Task description: When the line containing "Plus size women's" is found in the data below, copy it and each line after it through the line containing "Garnier Essentials pjenasti", exactly and with no others.

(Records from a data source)
------------------------

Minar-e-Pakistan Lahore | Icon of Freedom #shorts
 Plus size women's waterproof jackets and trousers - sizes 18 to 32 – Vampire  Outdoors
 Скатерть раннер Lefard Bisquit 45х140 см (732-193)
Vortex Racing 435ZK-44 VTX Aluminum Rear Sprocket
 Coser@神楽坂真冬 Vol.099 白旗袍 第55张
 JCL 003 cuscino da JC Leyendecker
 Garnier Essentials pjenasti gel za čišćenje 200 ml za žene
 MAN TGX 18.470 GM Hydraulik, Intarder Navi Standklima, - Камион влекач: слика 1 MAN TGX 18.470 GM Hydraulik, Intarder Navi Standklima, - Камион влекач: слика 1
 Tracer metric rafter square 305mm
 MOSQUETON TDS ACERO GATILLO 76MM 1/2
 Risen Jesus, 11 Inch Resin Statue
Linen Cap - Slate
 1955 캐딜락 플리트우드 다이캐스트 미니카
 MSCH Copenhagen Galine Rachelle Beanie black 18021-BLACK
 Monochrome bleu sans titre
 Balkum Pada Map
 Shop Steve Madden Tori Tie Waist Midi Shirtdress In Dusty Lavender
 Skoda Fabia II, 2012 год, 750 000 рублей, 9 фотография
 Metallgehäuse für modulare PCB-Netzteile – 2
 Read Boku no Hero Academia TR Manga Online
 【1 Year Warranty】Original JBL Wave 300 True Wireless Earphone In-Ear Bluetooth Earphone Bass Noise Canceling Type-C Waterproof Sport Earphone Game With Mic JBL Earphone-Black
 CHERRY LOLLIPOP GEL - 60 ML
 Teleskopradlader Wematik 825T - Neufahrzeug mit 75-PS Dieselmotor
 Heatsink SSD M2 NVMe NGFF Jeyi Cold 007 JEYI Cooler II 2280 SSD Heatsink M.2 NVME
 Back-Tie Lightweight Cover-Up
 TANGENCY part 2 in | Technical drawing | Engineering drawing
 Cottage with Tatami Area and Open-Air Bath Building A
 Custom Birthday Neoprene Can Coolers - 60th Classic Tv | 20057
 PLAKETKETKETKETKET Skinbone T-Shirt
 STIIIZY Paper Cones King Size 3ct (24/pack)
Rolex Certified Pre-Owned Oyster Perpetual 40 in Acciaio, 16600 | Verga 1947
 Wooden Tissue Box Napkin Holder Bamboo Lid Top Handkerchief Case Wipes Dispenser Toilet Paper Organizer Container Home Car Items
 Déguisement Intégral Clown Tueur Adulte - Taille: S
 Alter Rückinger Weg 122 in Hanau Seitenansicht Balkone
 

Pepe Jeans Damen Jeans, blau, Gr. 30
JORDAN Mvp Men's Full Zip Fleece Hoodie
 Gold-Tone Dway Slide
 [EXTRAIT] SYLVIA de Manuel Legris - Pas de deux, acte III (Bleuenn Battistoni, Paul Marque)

------------------------

Your response:
 Plus size women's waterproof jackets and trousers - sizes 18 to 32 – Vampire  Outdoors
 Скатерть раннер Lefard Bisquit 45х140 см (732-193)
Vortex Racing 435ZK-44 VTX Aluminum Rear Sprocket
 Coser@神楽坂真冬 Vol.099 白旗袍 第55张
 JCL 003 cuscino da JC Leyendecker
 Garnier Essentials pjenasti gel za čišćenje 200 ml za žene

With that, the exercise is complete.